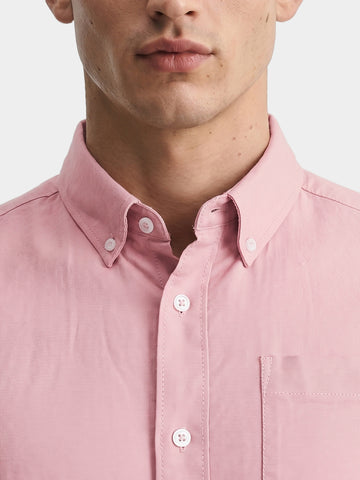 Men's Pink Slim Fit Solid Casual Shirt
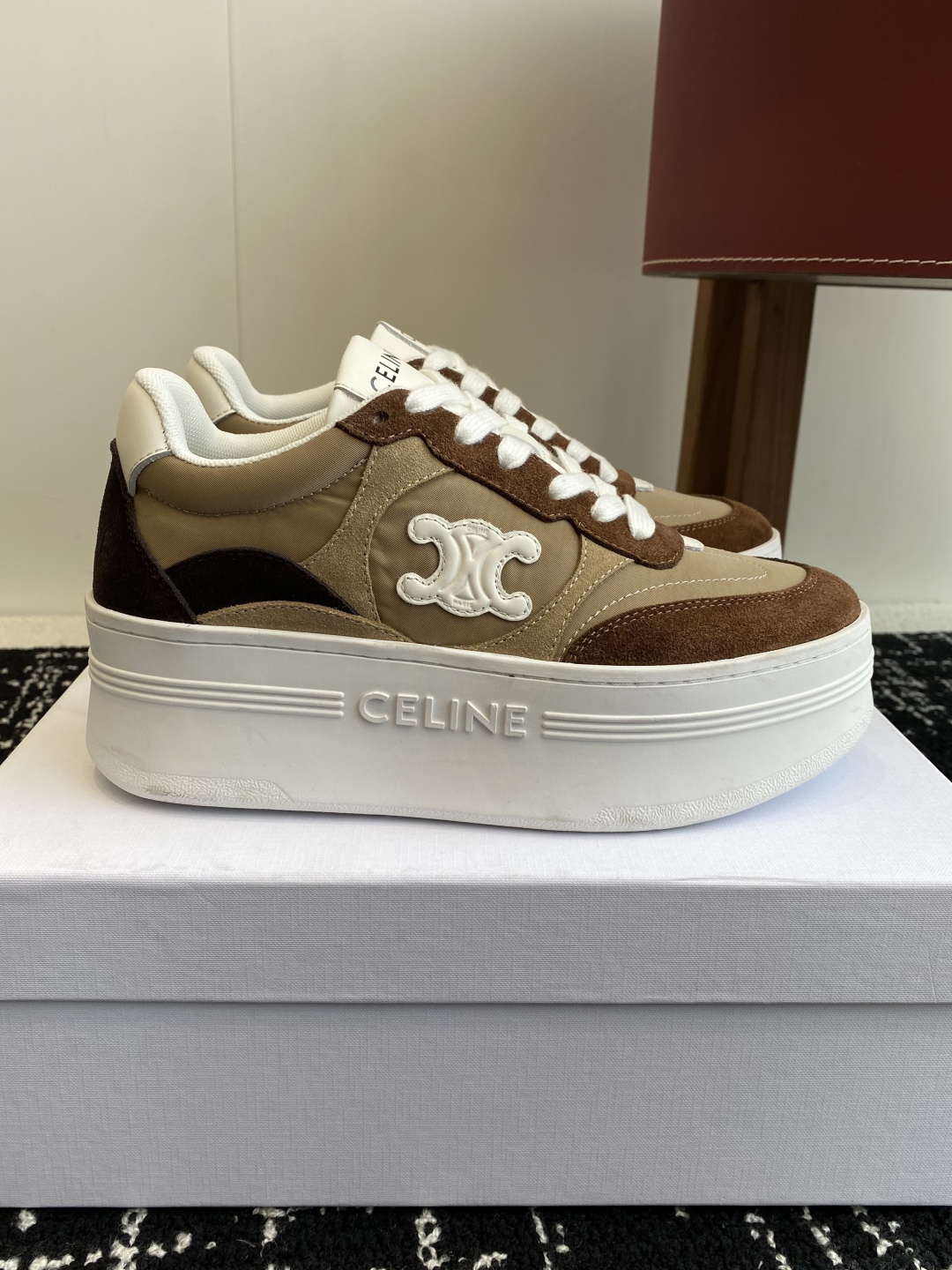 代购级CELINE思琳 25ss 春夏新款 鞋舌和鞋后帮饰有CELINE标志 
鞋后帮和侧面压印CELI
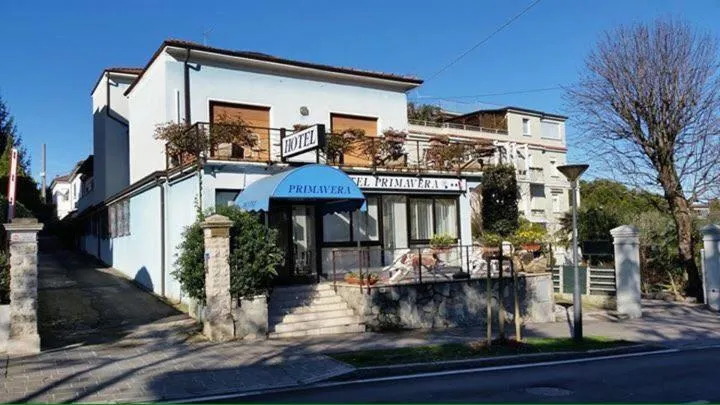 Property building in Hotel Primavera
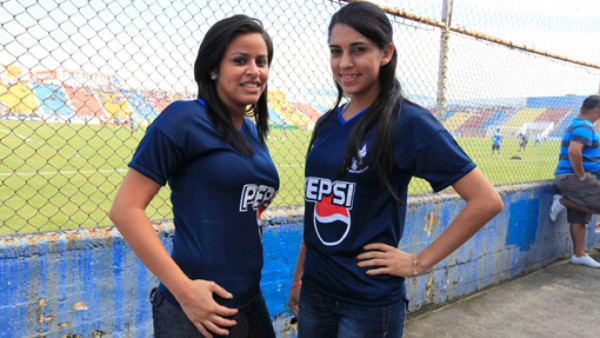 Las bellas chicas que animan el ambiente del Victoria-Motagua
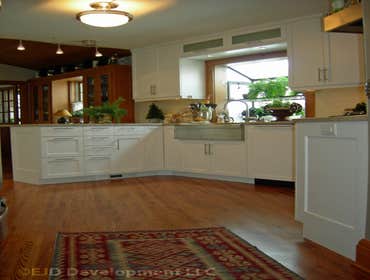 Edina Kitchen
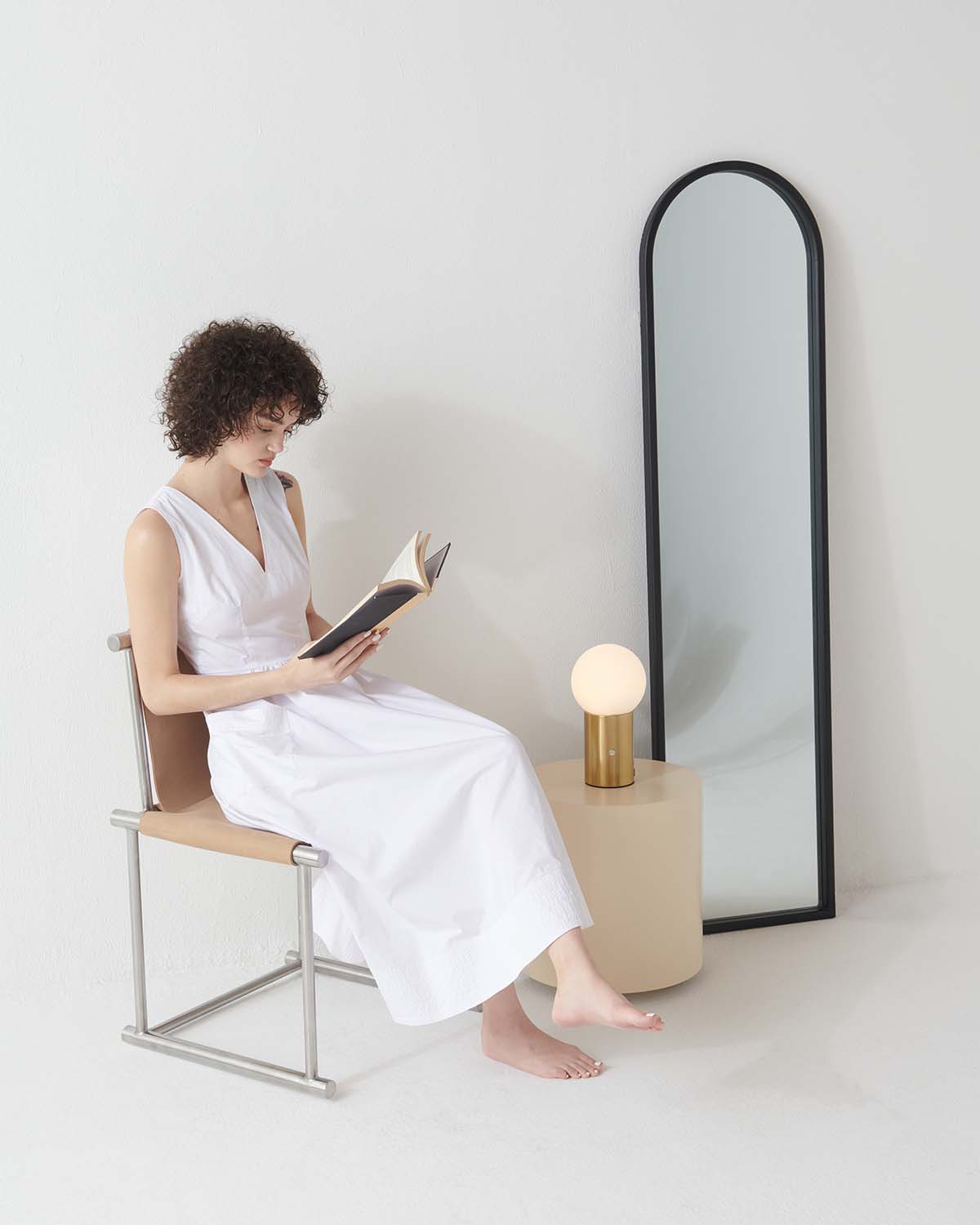 Kai Table Lamp - Smart Ambient Lighting Comfort (Table Lamp, Indoor Lighting, Modern Desk Light)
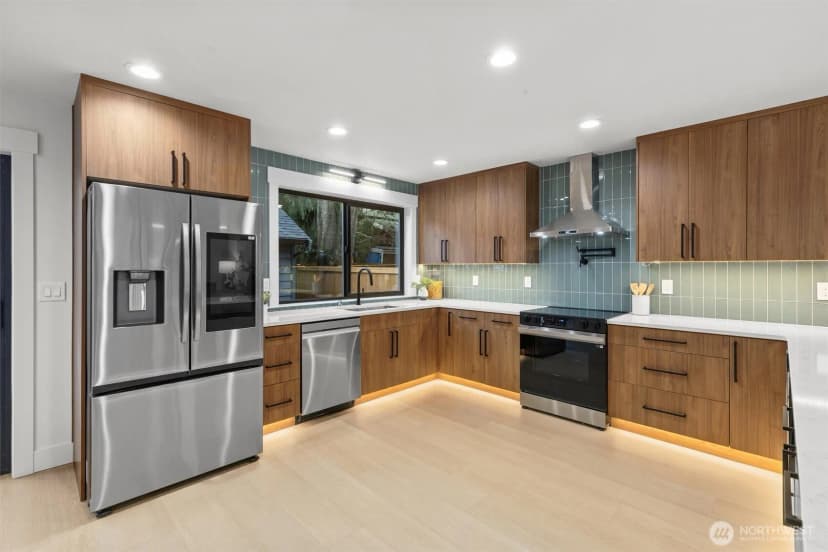 Property photo for 12562 17th Avenue Ne, Seattle photo 12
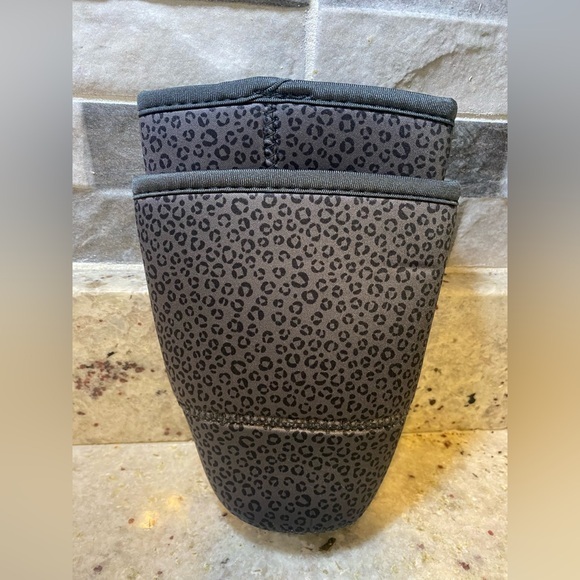New  set of two gray‎ and black leopard print iced coffee sleeves - Picture 1 of 2
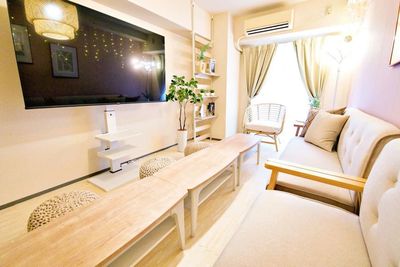 コミュスぺ！YOKOHAMA！ 横浜駅駅近！多目的コミュニケーションスペース（少人数向け）の室内の写真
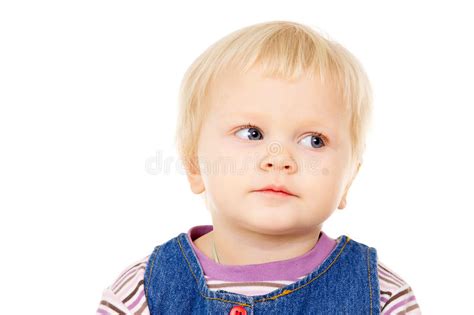 Portrait D Une Petite Fille Blonde Aux Yeux Bleus Photo Stock Image Du Isolement Heureux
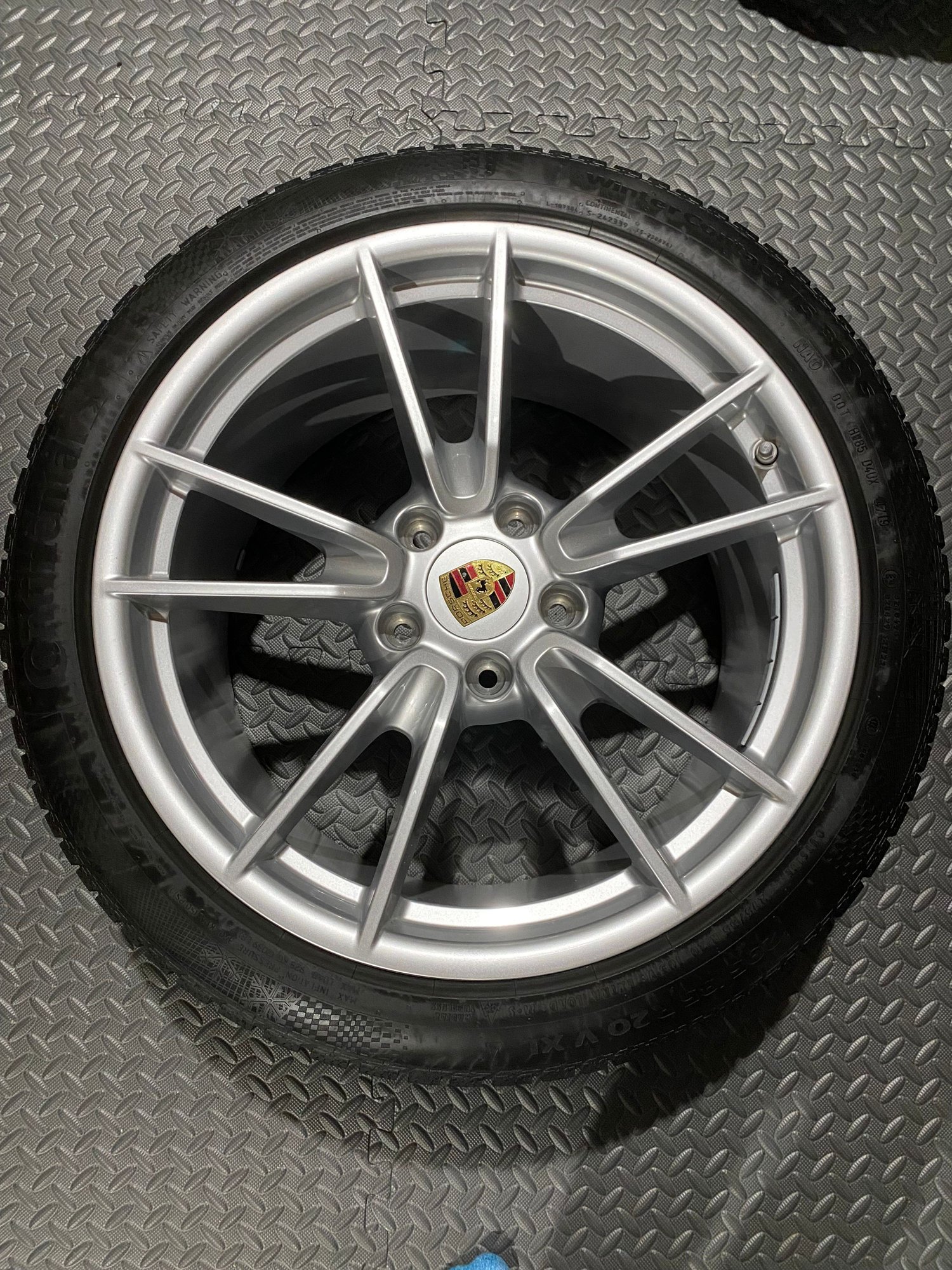 Wheels and Tires/Axles - 992 winter wheel set - Used - 2019 to 2024 Porsche 911 - Summit, NJ 07901, United States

_ _ _

Only the lines from the beginning of the records up to and including the line with "Kai Table Lamp" should appear, exactly as they are, and no pictures.

REPLY TO THE TASK:
 Men's Pink Slim Fit Solid Casual Shirt
 代购级CELINE思琳 25ss 春夏新款 鞋舌和鞋后帮饰有CELINE标志 
鞋后帮和侧面压印CELI
 Property building in Hotel Primavera
 Las bellas chicas que animan el ambiente del Victoria-Motagua
 Edina Kitchen
 Kai Table Lamp - Smart Ambient Lighting Comfort (Table Lamp, Indoor Lighting, Modern Desk Light)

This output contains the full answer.